Since 2.2 we have been doing a chroot check to see if it is appropriate to
 return a read or follow one of these magic symlinks.  The chroot check was
 asking a question about the visibility of files to the calling process and
 it was actually checking the destination process, and not the files
 themselves.  That test was clearly bogus.

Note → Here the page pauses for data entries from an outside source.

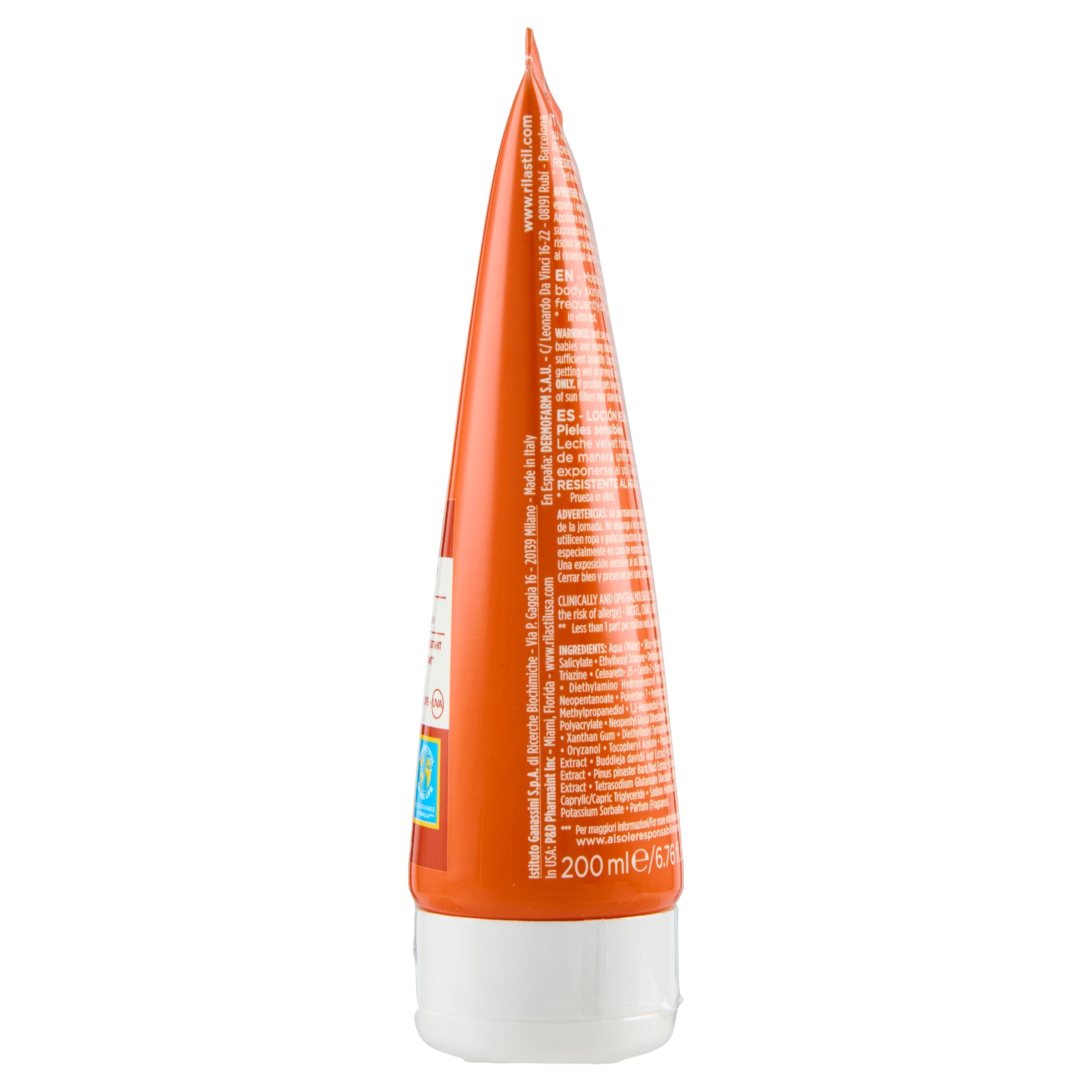 Rilastil Sun System Latte Vellutato, Emulsione Fluida dalla Texture Vellutata per Pelli Sensibili, Resistente all'Acqua, SPF 30, 200ml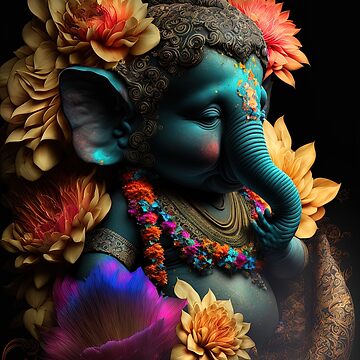 Premium Photo | Ganesha god realistic portrait illustration hindu god  elephant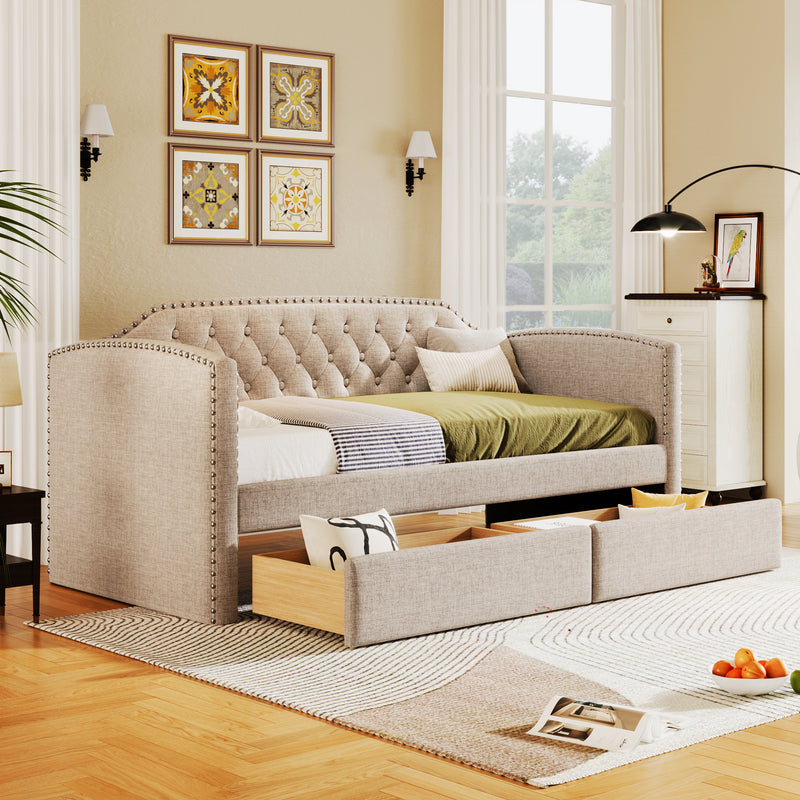 Twin Size Upholstered Daybed with Drawers for Guest Room, Small Bedroom, Study Room, Beige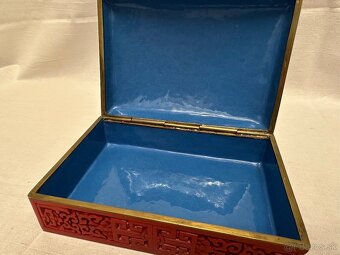 Cinnabarova lakovana krabicka na cigary -Cina 19./20.st. - 2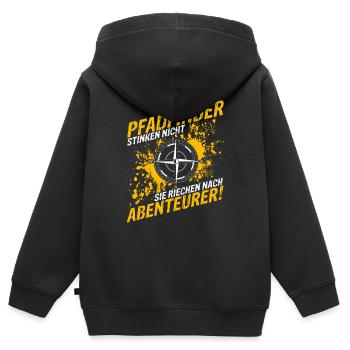 Pfadfinder Stinken Nicht Sie Riechen Nach Abenteue - Kinder Premium Organic Zip Hoodie - Schwarz - Hinten - AI Model Kid Male (0cm)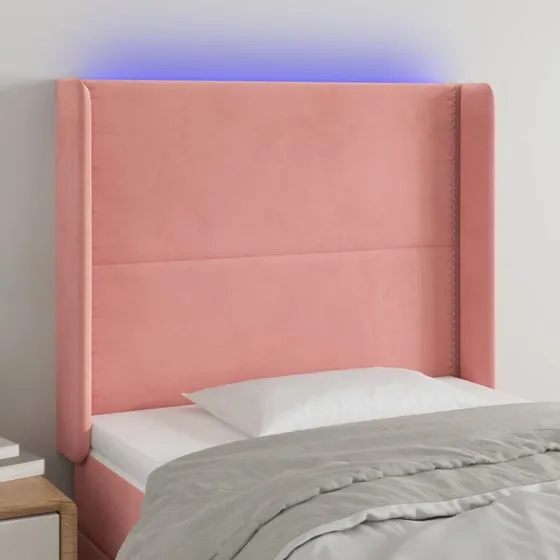 vidaXL Sengegavl med LED-lys 83x16x118/128 cm fløjl lyserød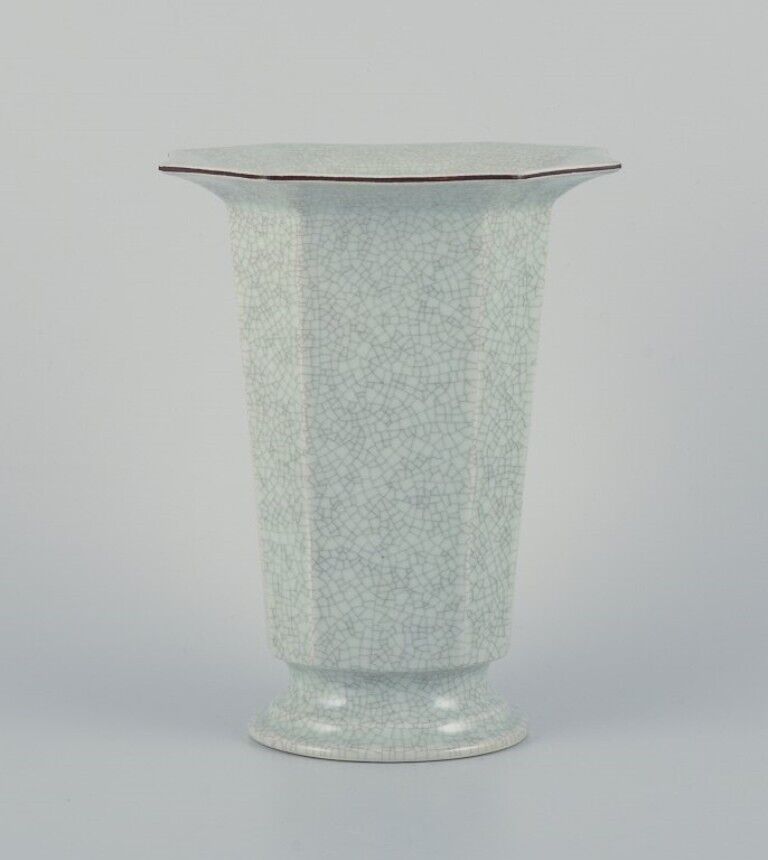 Royal Copenhagen Art Deco porcelain vase in a rare shape with crackle glaze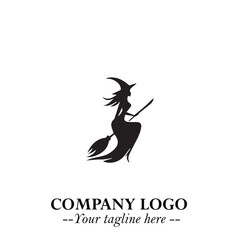 Mystical Black Witch Logo Symbol on White Background for Modern Magical Branding Design Effects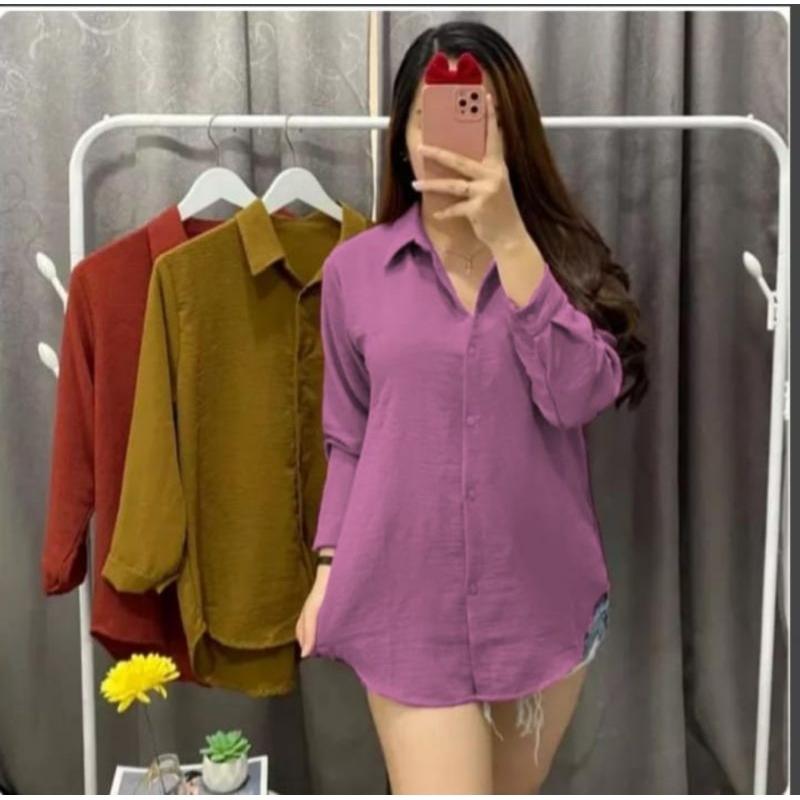 Atasan Kemeja wanita Oval bahan crinkle airflow terbaru Oversize Nyaman 3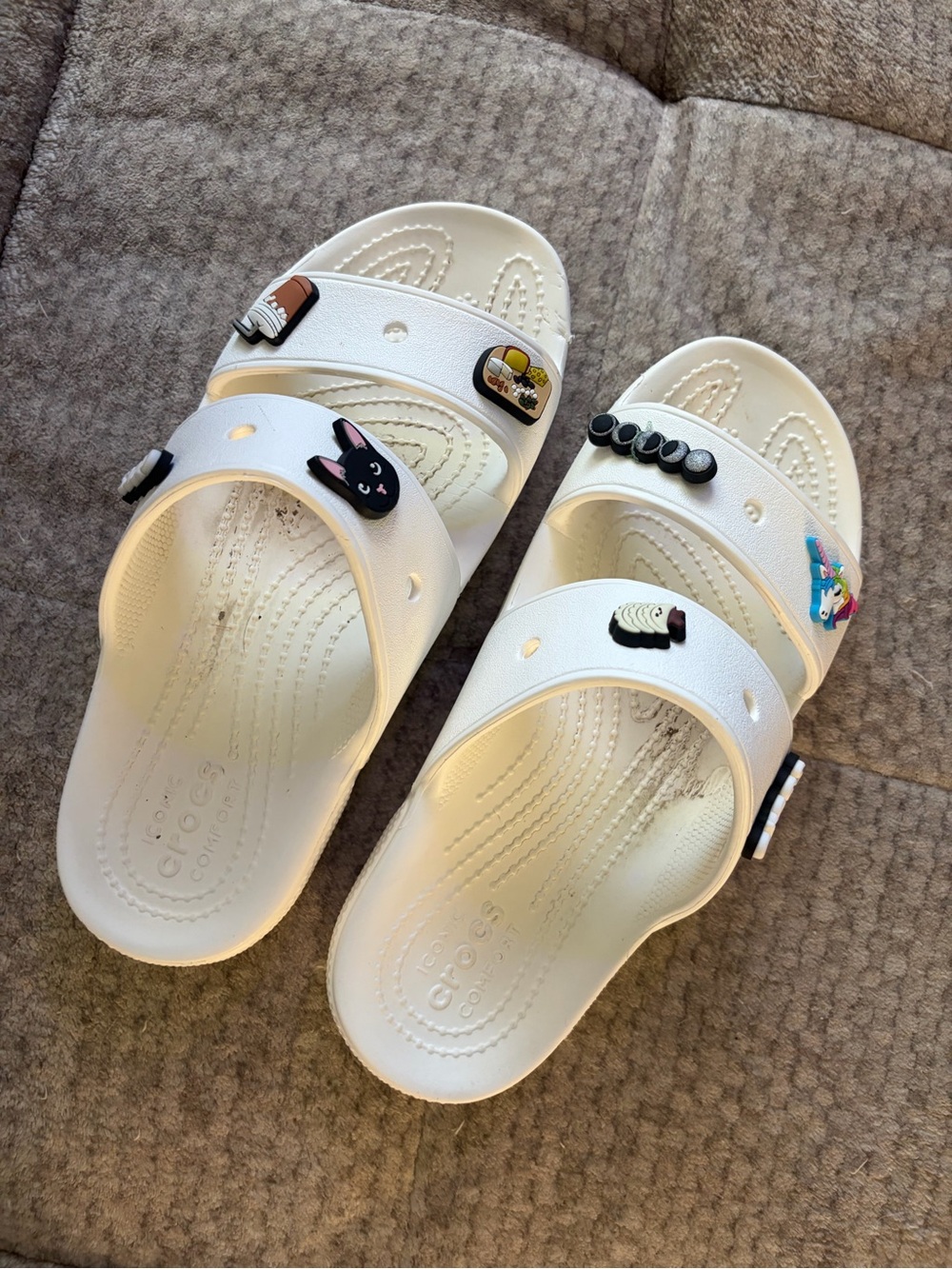 Crocs White Slip-On Sandals with jibbitz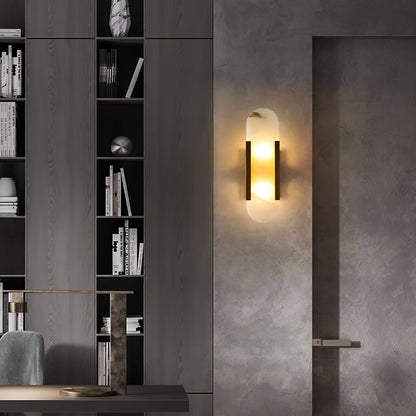 Oblong Alabaster Wall Sconce - Elegant Design, Soft Ambient Lighting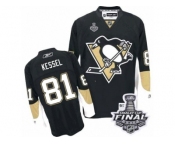 Youth Reebok Pittsburgh Penguins #81 Phil Kessel Authentic Black Home 2017 Stanley Cup Final NHL Jersey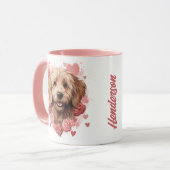 Valentinstag Goldenes Doodle Tasse (Vorderseite Links)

 In my first pass through I simply fixed the test to check the visibility of
 the files themselves.  That naive approach to fixing the permissions was
 too strict and resulted in cases where a task could not even see all of
 it's file descriptors.

 What has disturbed me about relaxing this check is that file descriptors
 are per-process private things, and they are occasionaly used a user space
 capability tokens.  Looking a little farther into the symlink path on /proc
 I did find userid checks and a check for capability (CAP_DAC_OVERRIDE) so
 there were permissions checking this.

 But I was still concerned about privacy.  Besides /proc there is only one
 other way to find out this kind of information, and that is ptrace.  ptrace
 has been around for a long time and it has a well established security
 model.

 So after thinking about it I finally realized that the permission checks
 that make sense are the permission checks applied to ptrace_attach.  The
 checks are simple per process, and won't cause nasty surprises for people
 coming from less capable unices.

 Unfortunately there is one case that the current ptrace_attach test does
 not cover: Zombies and kernel threads.  Single stepping those kinds of
 processes is impossible.  Being able to see which file descriptors are open
 on these tasks is important to lsof, fuser and friends.  So for these
 special processes I made the rule you can't find out unless you have
 CAP_SYS_PTRACE.

 These proc permission checks should now conform to the principle of least
 surprise.  As well as using much less code to implement :)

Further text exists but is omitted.